There's nothing consciously scientific about such a process of play, and indeed I suppose you could fairly doubt that there's really any process of pattern at all. But as we moved through a wide arc of imaginative activities that ranged from physical to recumbent and from active to passive, it did feel as though there was some semblance of an underlying thread. And yet, at the same time, we never knew what was coming next. Sometimes, it simply seems to happen, based on the whims and needs of three involved players.

After all, the monsters in Pandora's box were not unrelated. They may have been chaotic and diverse, but they belonged to a common species. As do our games, and the music that sometimes accompanies them.

And sometimes...


...little is needed, in the way of frame, or conceit, or external effort. Last night, at 7:30, Yo-Yo Ma played Bach's cello suites on our speakers as L., Cleo and I finished a round of Crazy Eights and then slowly shuffled upstairs, where we brushed and flossed Cleo's teeth, quietly ushered her into a pull-up, and then read a handsomely illustrated version of Rapunzel. The clear, resonant intelligence of Bach; the alert, sensitive hands of Yo-Yo; the slowly melting body of Cleo, losing consciousness, beside me. What larger narrative is needed?

And so, too, in West Virginia over the weekend. During a walk in the woods with Cleo's classmate Jasper and his family, we came across two beams, laid across a creek bed. Balance beams! And so the children traversed, in various fashions and at varied paces, as we watched, sympathetically swaying our own bodies as they balanced, and re-balanced, themselves. They seemed both young and old, at once - but above all, they seemed right, engaged in a basic challenge that has interested kids for generations, if not centuries.

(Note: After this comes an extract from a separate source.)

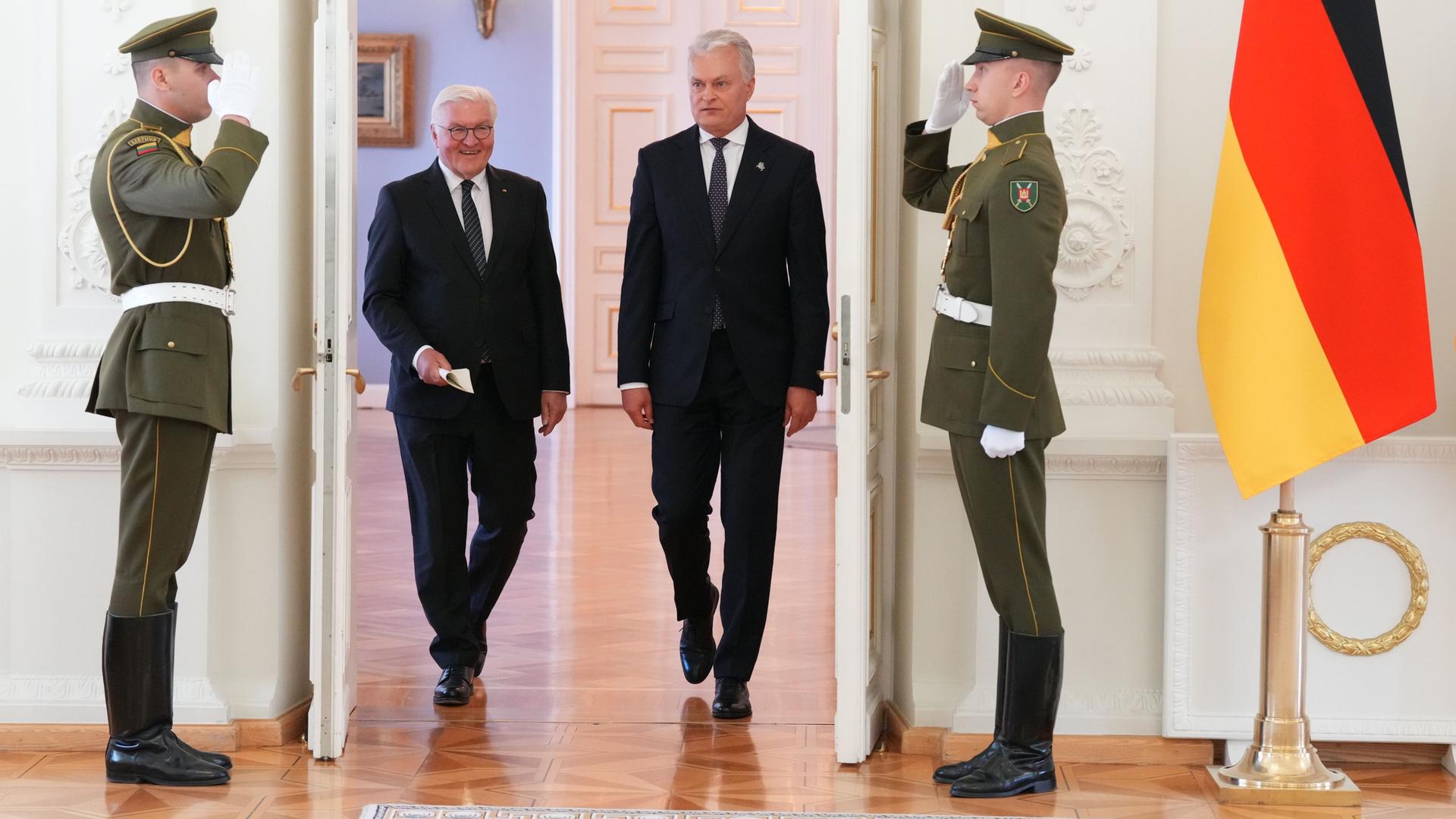 Vilnius: Bundespräsident Frank-Walter Steinmeier (l) und Litauens Präsident Gitanas Nauseda kommen zu einer gemeinsamen Pressekonferenz in den Weißen Saal des Präsidentenpalastes. Vilnius: Bundespräsident Frank-Walter Steinmeier (l) und Litauens Präsident Gitanas Nauseda kommen zu einer gemeinsamen Pressekonferenz in den Weißen Saal des Präsidentenpalastes.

Play on, cello. Climb on, children.

Monday, January 20, 2014

A second post...

...in which I think slightly differently, but in an arguably comparably melancholic manner, about the passage of time.

On our way to and from W.V. this weekend, Cleo listened to another one one of her Classical Kids CDs: Mr. Bach Comes to Call, that is, in which the great composer manages to traverse time and space so that he can chat with and encourage American children frustrated with their own progress on the piano.

Such a synopsis sounds corny, of course, but in fact the plot is driven by a timeless question: how do we communicate with others, who may be distant or lodged in some unimaginable future? Indeed, it's a question that faced the designers of the two Voyager spacecraft that were launched into space in 1977. Their answer, in part, took the shape of the legendary Golden Record: a disc that was engraved with a variety of motifs and pieces of information that might be of interest to anyone who found, wherever and whenever they might be, the spacecraft. And, not coincidentally, that record featured recordings of three works by Bach.

Of course, there are other, less exotic ways of aiming at the same end. One could, say, compose a concerto - so that the score might be used as a basis for performances in future halls, before future audiences. Or one could write a blog, so that readers in sunny Vanuatu might read the events of a winter's day in Baltimore. Or, finally, one could press one's face into the soft pins of an exhibit at the Maryland Science Center, so that the details emerge on the other side, abstracted but nevertheless essentially recognizable. That's the path that Cleo took, and that I recorded on my phone, and it's the course that you, wherever and whenever you are reading this, can now enjoy, as well:


Jotted lines


You look at the page of lyrics, and it's hard to shake the feeling of amazement: there's Lennon, feeling his way almost without apparent hesitation toward a string of lyrics that would soon become virtually canonical. It never fails, really: that frisson that we get from seeing inspired spontaneity pour out onto the page, where it immediately hardens in turn into something public, permanent, and significant. Most of us struggle, over the course of long lives, to attain even a fraction of such broad significance: how amazing to do it in the course of a few moments, on a piece of notebook paper, or on a cocktail napkin.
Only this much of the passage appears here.